[Opening Data section]

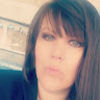 mandylynn077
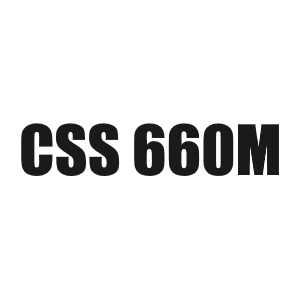 Трос CS Machinary CSS 660 канат грузовой лебедки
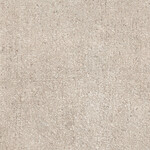 Kronos Terra Crea 60X60 Corda, afname per doos van 1,08 m²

[Closing Data section]

▸ Problem details: The whole of the data above needs retyping exactly, with pictures omitted.

▸ Exercise answer:
 mandylynn077
 Трос CS Machinary CSS 660 канат грузовой лебедки
 Kronos Terra Crea 60X60 Corda, afname per doos van 1,08 m²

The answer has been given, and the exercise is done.